Hello,
we have HAproxy set up with ~200 backend servers, and I noticed that the haproxy_server_response_time_average_seconds
is acceptable (around 400ms) but the metrics for haproxy_server_total_time_average_seconds
is almost around 2 minutes for each server, and would like to debug the issue. I would like to ask, what is the fundamental difference between response_time
and total_time
? Since I don’t know their components I don’t know why the difference is this big. Also would appreciate any ideas for debugging the issue.
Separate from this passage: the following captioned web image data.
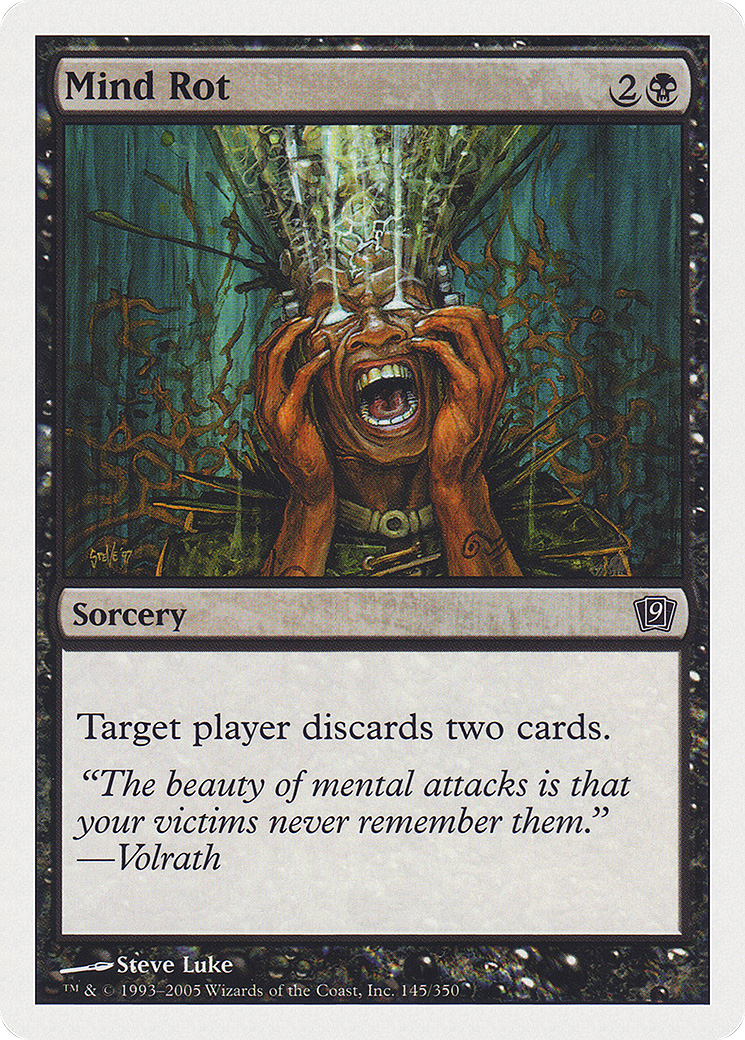 Mind Rot (9ED-145) [9th Edition] Foil MTG Single Wizards of the Coast
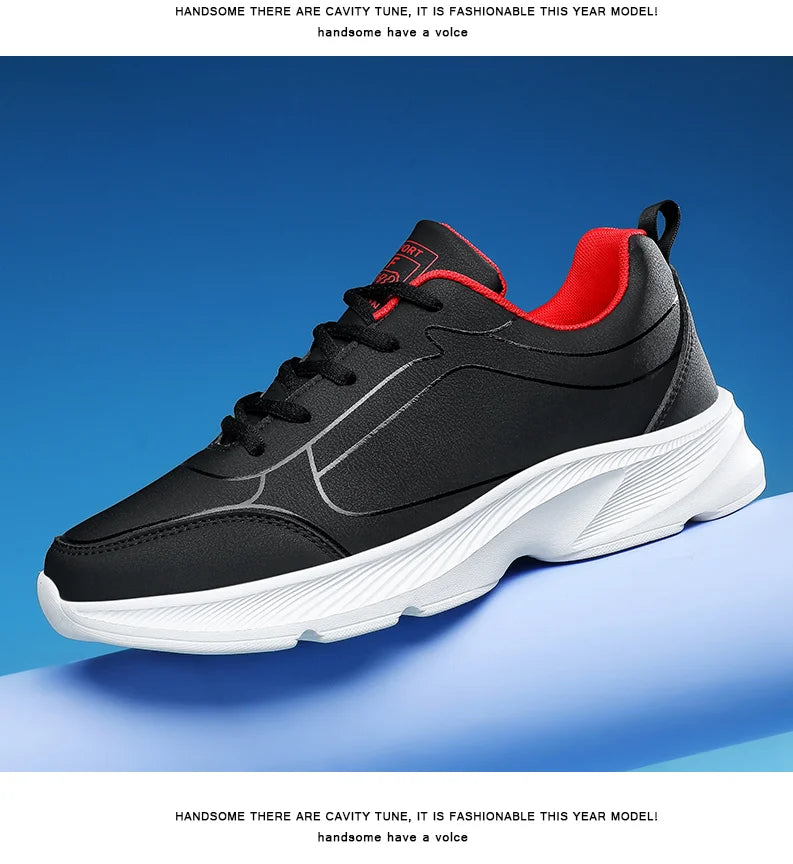 Road Running Shoes Unisex Waterproof Running Shoes Comfortable Athletic Shoes Waterproof and Slip-Resistant Travel Shoes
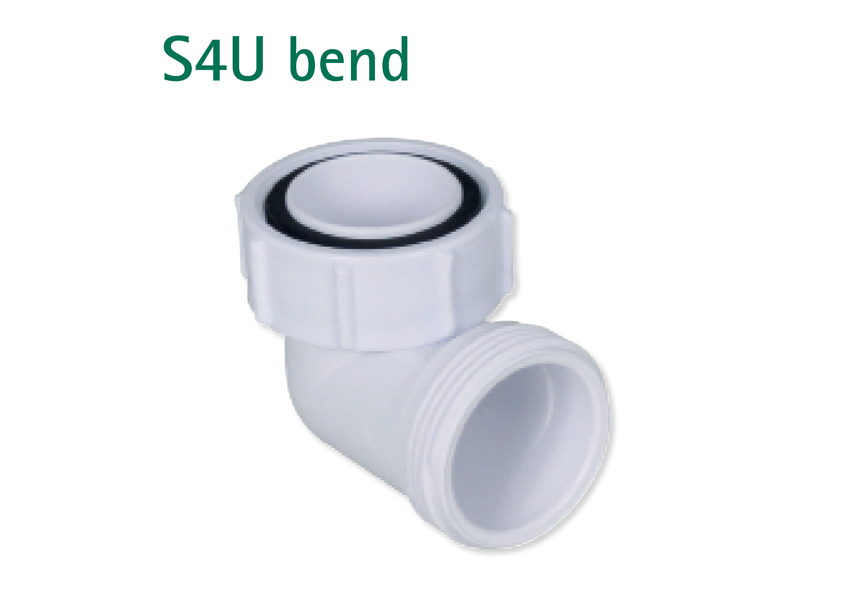 S4U bend bij McAlpine MacValve sifon zonder waterslot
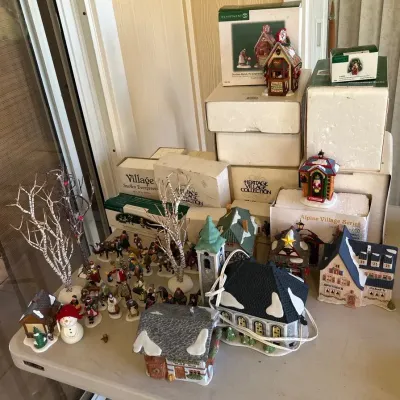 Huge Dept 56 Lot - Alpine Village, Snowy Evergreens, Heritage Village+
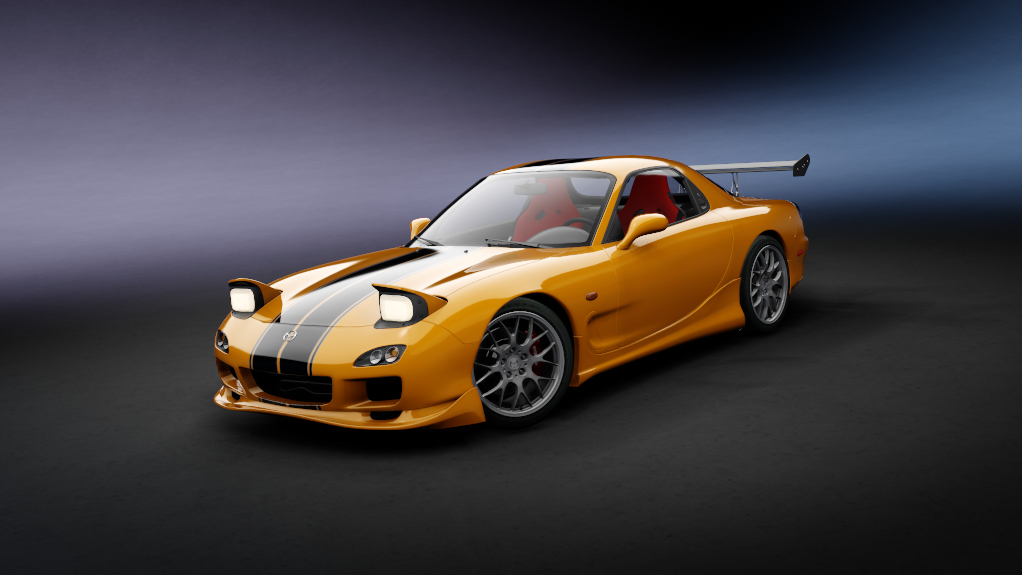 Mazda RX-7 Tuned LHD, skin 11_orange_s1
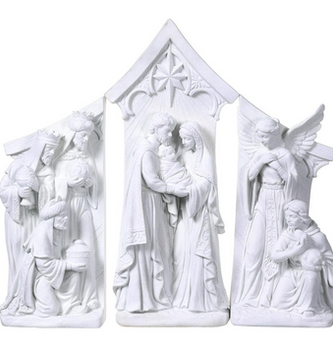 3-Piece White Nativity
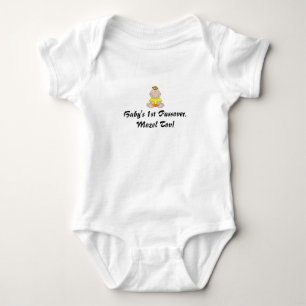 BABY'S FIRST PASSOVER FUN CUTE 1-PIECE 3-SNAP BABY BODYSUIT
Thanks
As per the Prometheus field description, haproxy_server_response_time_average_seconds
is average response time for last 1024 successful connections (only the response time), whereas haproxy_server_total_time_average_seconds
is average total time for last 1024 successful connections, which is the total duration of the stream (queue, connect and response time all cumulated plus additional time not necessarily tracked by subcounters).
If the total time is higher than expected, then it may be interesting to check available individual timers to see where the time is spent. (queue time, connect time)
Also, response time doesn’t count for the complete duration of the response, it reflects the time spent waiting for the first response byte from the server. Thus if the server sends a large amount of data, it would be expected that the total time is a lot bigger than the response time because most time could actually be spent between the first byte from the response and the actual end of the response.